Middle East unrest, private fleet control fuel record increases in tanker rates
Freight rates for very large crude carriers (VLCCs) have surged to multi-year highs, driven by geopolitical tensions, rising oil demand, longer voyages, and a historic consolidation in tanker ownership, Bloomberg reports.
After a brief dip in January, rates began climbing sharply in February, reflecting what shipping executives describe as a fundamental market shift for VLCCs capable of carrying 1.9–2.2 million barrels of crude. South Korea’s Sinokor shipping group and Italian billionaire Gianluigi Aponte, founder of MSC Mediterranean Shipping Company, are leading the buying spree, according to interviews with brokers, vessel owners, and executives.

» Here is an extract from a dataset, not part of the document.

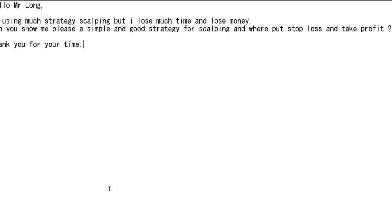Thank you for watching this candlestick trading video. Hello Mr. Long, I'm using a scalping strategy but I lose much time and money. Can you show me please a simple and good strategy for scalping, and where to put stop loss and take profit? Thank you for your time.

“Sinokor’s continued appetite for tonnage, and by and large, pricing the spot market higher than the prevailing rate level has underpinned the strong sentiment and left charterers with slim pickings for alternatives,” analysts told Bloomberg. Shipbroker Fearnleys reported that the week ending February 11 saw “healthy daily earnings upwards of USD 120k/day and above.”
Demand for crude shipments, especially from East Asia, contributed to rates reaching multi-year highs late last year, while the number of available vessels shrank. According to the US Energy Information Administration (EIA), VLCC rates from the Persian Gulf to the US Gulf Coast spiked 118% year-on-year in November, while rates from the Persian Gulf to Asia jumped 139%, citing Argus data. Supertanker rates between the Middle East and China also hit five-year highs as traders sought alternatives to Russian crude following US sanctions on Rosneft and Lukoil.
Seasonal dips in January were offset by renewed upward pressure from geopolitical concerns over US-Iran tensions and new regulations on Venezuelan oil exports.
One-year charters have increased by 20% over two months, Ole Hjertaker, CEO of SFL Corporation, said. “One very important underlying factor here on the tanker side…is that you have one party or group of people who effectively control around a third of the available or traded VLCC fleet out there,” he noted, adding that withholding ships to achieve target charter rates has reinforced the market’s strong pricing.
Svein Moxnes Harfjeld, CEO of DHT, echoed the sentiment: “We estimate the aggregators have gained control of some 120 ships…This consolidation is shifting the pricing dynamics and putting pressure on timely availability of ships.”
With fleet consolidation and ongoing geopolitical uncertainty, VLCC freight rates are expected to remain volatile, reshaping market dynamics for both charterers and owners in 2026.